Beybağı Geçiti 2 Nolu Kilisesi’nin güney cephesinde ve Direkli Kilise’nin naosunun güneybatı tarafında, dikdörtgen planlı ek mekânın olduğu görülmüştür (Fot. 320,382). Üst örtülerinin beşik tonozlu olduğu tespit edilmiştir. Direkli Kilise’nin ek mekânının girişinde, dikdörtgen planlı arşitrav mevcuttur (Fot. 381). Direkli Kilise’nin ek mekânının üst örtüsünde görülen uzun bir korniş, tonozu ikiye ayırmaktadır. Kornişin iki tarafında beş adet olmak üzere, toplam on adet kıvrımlı sütunun olduğuna rastlanılmıştır (Fot. 387). Sarıca Kilisesi’nde dikdörtgen planlı trapeza bölümünün olduğu tespit edilmiştir (Fot. 429). Diğer kiliselerde böyle bir bölüme rastlanılmamıştır.

Anadolu Bizans Mimarisi’nde çok fazla örneğini gördüğümüz kapalı yunan haç planlı yapılara, Kapadokya bölgesinde yer alan Bezirhanı A Kilisesi, Göreme Kızlar (17) Kilisesi, Göreme 25 nolu Kilise, Ihlara Karanlık Kilise, Açıksaray Kilisesi, Soğanlı Kilise, Belisırma Direkli Kilise), Göreme Kılıçlar Kilisesi, Göreme Elmalı Kilisesi ile Frigya bölgesindeki Ayazin A Kilisesi kapalı yunan haç planında inşa edilen yapılara örnek olarak gösterilmektedir.

Tez kapsamı dâhilinde incelenen yirmi sekiz yapı içerisinde yer alan ve dört plandan ayrı olarak değerlendirilen Hallaç Manastırı, avlulu manastırlar gurubuna girmektedir. Yapının kuzey, doğu ve batı olmak üzere üç cepheli olarak inşa edildiği yapılan çalışmalar ile tespit edilmiştir. Manastır kompleksi içerisinde; kilise, toplantı bölümü, keşiş bölümü, mutfak ve hastane bölümünün olduğuna rastlanılmıştır. Yapı içerisinde yer alan St. Paul Kilisesi’nin kapalı yunan haçı planı içerisinde değerlendirilmesi yapılmıştır.

Kompleksin içinde yer alan St. Paul Kilisesi’nin, güneybatı cephesine konumlandırılmış olan şapel bölümünün, serbest haç planında inşa edildiği tespit edilmiştir (Şek. 47). Üstü kubbe ile örtülü iki ayrı bölümden meydana geldiğine rastlanılmıştır (Fot.439). Kubbelere geçiş pandantif ile sağlanmaktadır. Merkezdeki ana kubbeyi, kare kaide üzerine oturtulmuş sütunların taşıdığı görülmüştür (Fot. 441). Bu sütunlardan üç tanesi kırılmış, bir tanesi ise sağlam durumda olup sütun başlıkları kare planlı ve kademeli olarak yapılmıştır.
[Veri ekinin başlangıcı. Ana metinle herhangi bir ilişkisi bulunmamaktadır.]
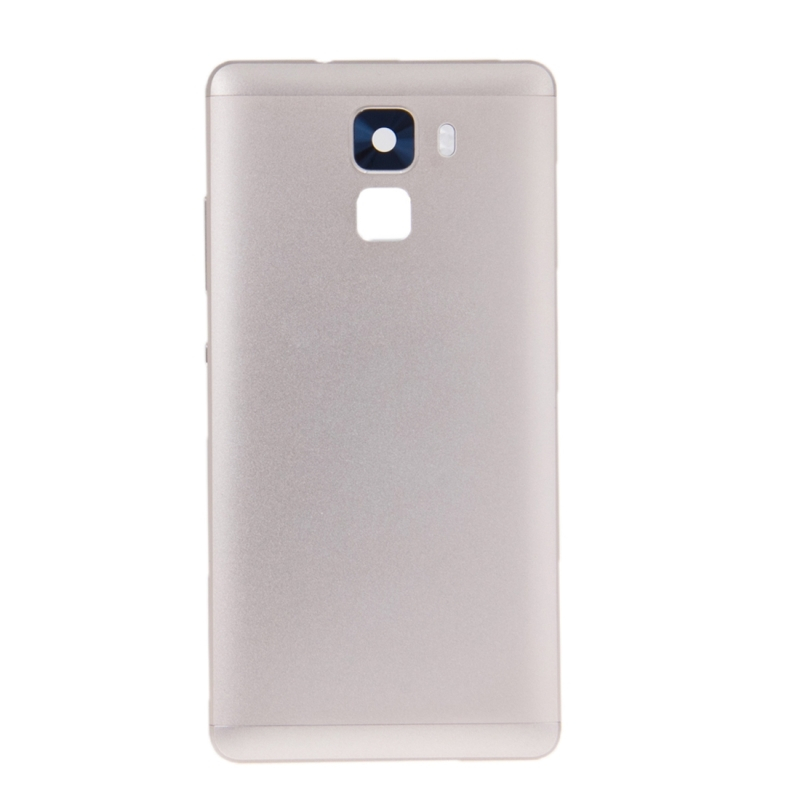 Battery Back Cover For HUAWEI Honor 7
Hallaç Manastırı içerisinde yer alan toplantı bölümü, üç nefli bazilikal planlı olup kuzey-güney doğrultusunda dikdörtgen planda inşa edildiği tespit edilmiştir (Şekil 48). Yapının orta nefi daha geniş ve yüksek boyutta yapılmış, doğu ve batı nefleri ise daha küçük ve dar ölçekte yapıldığına rastlanılmıştır. Yapının üst örtüsünün, beşik tonozlu olduğu görülmüştür. Yapı içerisinde doğu ve batı nef ayrımlarında, altışar adetten toplamda on iki adet sütun ile üst örtünün desteklendiğine rastlanılmıştır (Fot. 470-471).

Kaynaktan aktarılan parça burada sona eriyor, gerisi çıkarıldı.